Work item: Repeat the listing exactly. Pictures stay out of your copy.

Provided material:

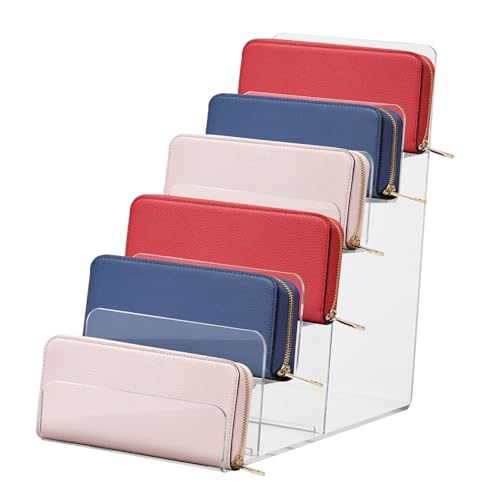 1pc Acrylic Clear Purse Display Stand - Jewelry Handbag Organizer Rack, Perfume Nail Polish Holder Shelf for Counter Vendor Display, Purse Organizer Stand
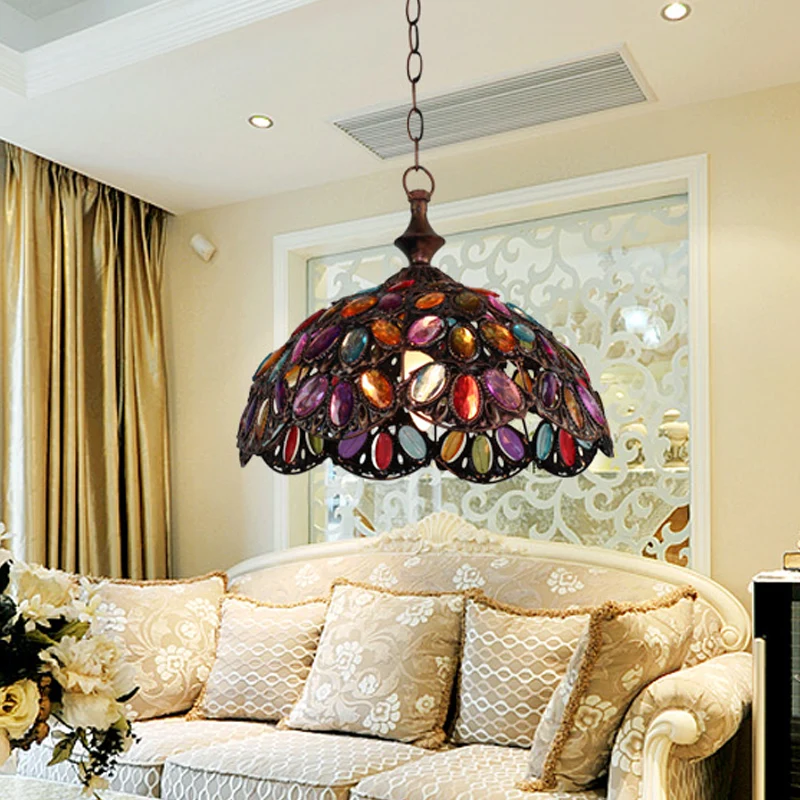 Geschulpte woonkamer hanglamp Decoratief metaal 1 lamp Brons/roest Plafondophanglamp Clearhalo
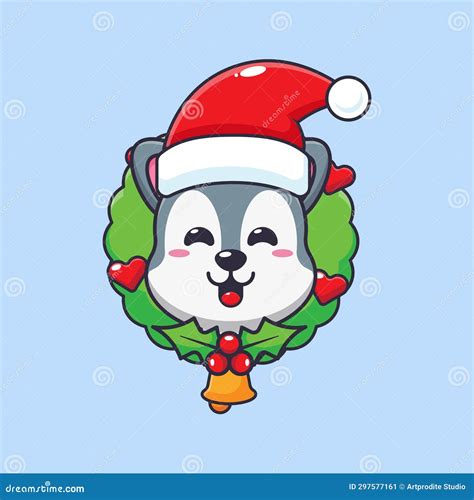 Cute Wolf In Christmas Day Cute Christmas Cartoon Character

Task result:
 1pc Acrylic Clear Purse Display Stand - Jewelry Handbag Organizer Rack, Perfume Nail Polish Holder Shelf for Counter Vendor Display, Purse Organizer Stand
 Geschulpte woonkamer hanglamp Decoratief metaal 1 lamp Brons/roest Plafondophanglamp Clearhalo
 Cute Wolf In Christmas Day Cute Christmas Cartoon Character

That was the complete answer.